The South African Local Government Association (Salga) in KwaZulu-Natal has welcomed the Eskom debt relief arrangement for municipalities that was announced by the finance minister on Wednesday.
The arrangement would see municipalities’ debt being written off over a three-year period provided certain conditions were met, including increasing revenue collection and fast-tracking the implementation of smart meters.
Municipalities that fail to meet the conditions will need to repay the remainder of their arrears debt to Eskom, including interest and penalties.
Salga hosted an Energy Crisis Summit on Thursday in Durban.
Speaking on the debt relief arrangement, Salga KZN chairperson Thami Ntuli said it was worrying that one of the conditions set out was that municipalities had to increase the installation of prepaid meters.
“To install meters requires a budget.
It’s difficult for this to happen.

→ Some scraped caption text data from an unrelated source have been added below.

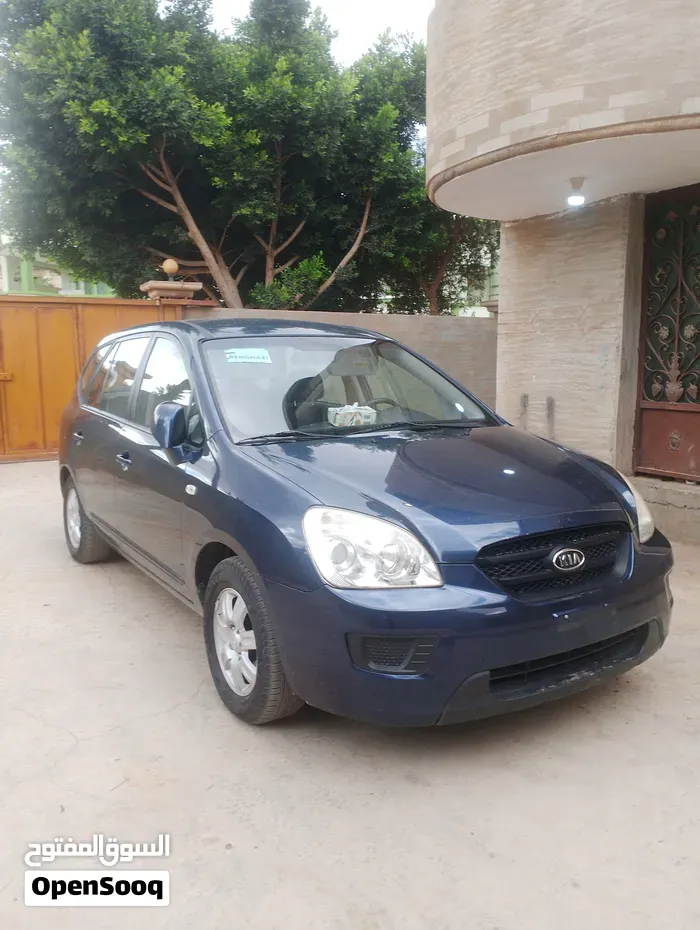 Kia Carens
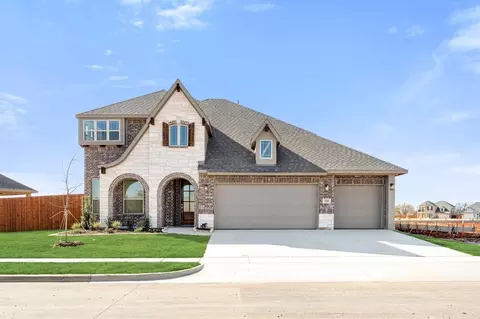 221 Coronado Ct, Granbury, TX 76049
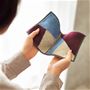 AC折紙 (ワイン)<br>男女問わず使えるポップなデザインをご用意しました。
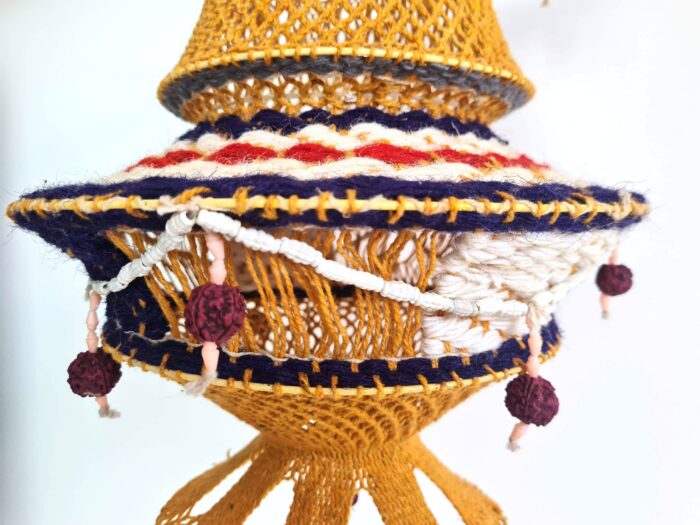 20260920_144527 Lanterna Akash Kandil em macramê para Diwali mostarda e color com rudrakshas 58cm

There actually needs to be a grant set up to assist municipalities to fund the additional installation of smart meters.
“Remember, municipalities are already under pressure. They are incurring extra expenses due to the load shedding and it is going to be difficult to fund smart meters.
“We have to see what happens, but we welcome the announcement by Finance Minister Godongwana on Eskom debt relief.”
At the energy crisis summit, Eskom and the KZN Co-operative Governance and Traditional Affairs Department discussed plans they put in place to address load shedding.
Harish Raghnandan, chief engineer at Eskom in KZN, said they wanted to get the Energy Available Factor to 70% in 2024.
“To get to this we have brought Kusile unit 1 online and we are expecting Kusile unit 2 and Kusile unit 3 to come back to service soon, this will bring more generating capacity. We also will be addressing maintenance at Koeberg unit 1 and Koeberg unit 2.
“We want to bring Koeberg unit 1 back to service and then take Koeberg unit 2 off-line for maintenance as this is important to build capacity. We also plan to bring Medupi unit 4 back to service next year.”
Barbara Mgutshini, deputy director-general in the KZN Cogta department, said they had established a war room to speedily address the energy crisis.
“We have three municipalities, namely eThekwini Metro, City of uMhlathuze and KwaDukuza Municipality, that are embarking on programmes to generate energy capacity that includes solar energy, gas to power and installing microgrids.
“We want to be able to generate energy capacity so that we don't only rely on Eskom for electricity.”
Mgutshini added that they would also be looking at ways to reduce electricity usage.
“We will be installing energy-saving devices and smart meters and will be exploring all options where we can install solar and LED lights.”